Song by Billy Joel

from the album Turnstiles
- Released: May 1976
- Studio: Ultra Sonic Studio in Hempstead, New York, U.S.
- Genre: Progressive rock
- Length: 5:12
- Label: Columbia
- Songwriter: Billy Joel
- Producer: Billy Joel

= Miami 2017 (Seen the Lights Go Out on Broadway) =

"Miami 2017 (Seen the Lights Go Out on Broadway)" is a song written and originally recorded by Billy Joel which appeared as the final song on his 1976 album Turnstiles. Several live performances of the song have been released. He has performed this song at a number of benefit concerts, including The Concert for New York City for victims of the September 11 attacks in 2001, as well as on the television program Hurricane Sandy: Coming Together for Hurricane Sandy victims in 2012 and during his set at 12-12-12: The Concert for Sandy Relief. Joel has often tweaked the lyrics to the song at his live concerts, particularly at the Live at Shea and Coming Together concerts. On New Year's Eve 2016, Joel performed at the BB&T Center in Sunrise, Florida, a city just north of Miami Dade County. At midnight, he crooned the traditional "Auld Lang Syne" and then immediately went into "Miami 2017".

==Background and story==
The release of Turnstiles followed Billy Joel's return to his hometown of New York City from a brief foray in Los Angeles which resulted in the albums Piano Man and Streetlife Serenade. Several of the songs are linked to this transition, including "Say Goodbye to Hollywood" and "New York State of Mind".

Joel has described it as a "science fiction song" about an apocalypse occurring in New York as a result of discussions that the city was failing in the 1970s. Speaking at the University of Pennsylvania in 2001, Joel explained that he wrote the song while living in Los Angeles in 1975, when New York City was on the verge of default: New York was bordering on bankruptcy, and after asking the Federal government for help, they were denied assistance; this resulted in the famous October 1975 headline on the New York Daily News, "Ford to City: Drop Dead".
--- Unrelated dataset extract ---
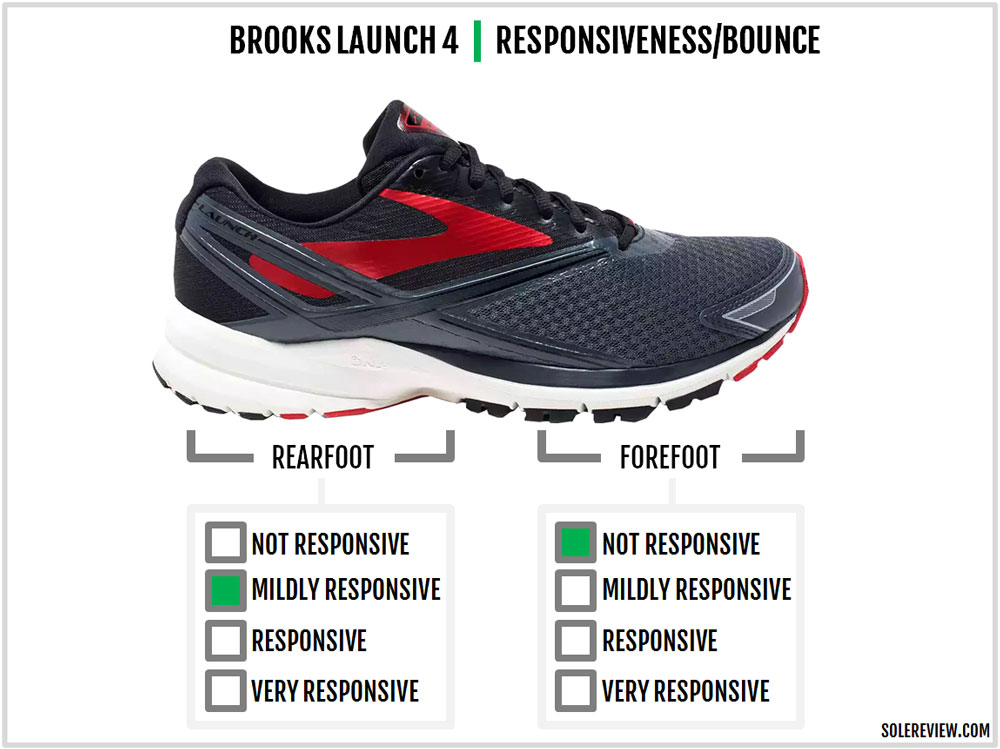 brooks launch 4 shoes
Joel stated that people in Los Angeles, including former New Yorkers, were deriding New York for its troubles. Joel says he thought, "If New York's going to go down the tubes, I'm going to go back to New York." He explains that the song depicts the apocalypse occurring in New York, "the skyline tumbling down, this horrendous conflagration happening in New York City." Joel stated that the song is titled "Miami 2017" because many New Yorkers retire to Miami, and the narrator is telling his grandchildren in the year 2017 about what he saw in the destruction of New York.

==Response==
In a review of Songs in the Attic for Rolling Stone magazine, Timothy White wrote, "'Miami 2017 (Seen the Lights Go Out on Broadway),' from 1976's Turnstiles, is one chauvinistic New Yorker's reaction to the famous Daily News default-era headline ... and the composer's elaborate fantasy-farce about the apocalyptic destruction of the city is as take-it-or-leave-it defiant as the front page that inspired it."

When the New York radio station WNEW-FM dropped its rock music format (in favor of "hot talk") in 1999, disc jockey Carol Miller chose "Miami 2017" as one of her farewell songs (along with Jimi Hendrix's version of "The Star-Spangled Banner").

Reviewing Joel's 2010 compilation, The Hits, on which "Miami 2017" was not included, reviewer Mike Doyle wrote, "[U]nfortunately, [the album is] not necessarily representative of his best work. ... [M]issing are some of the songs that helped define Billy Joel as one of the most talented American songwriters, such as ... 'Miami 2017' ...."

==Significance after September 11, 2001==
Among the catastrophes that befall the city in the song is the destruction of its iconic skyscrapers. "I saw the Empire State laid low," the singer recalls, "I watched the mighty skyline fall". On September 11, 2001, planes hijacked by terrorists were crashed into the World Trade Center towers, the city's tallest buildings, causing them to collapse with a loss of almost 3,000 lives.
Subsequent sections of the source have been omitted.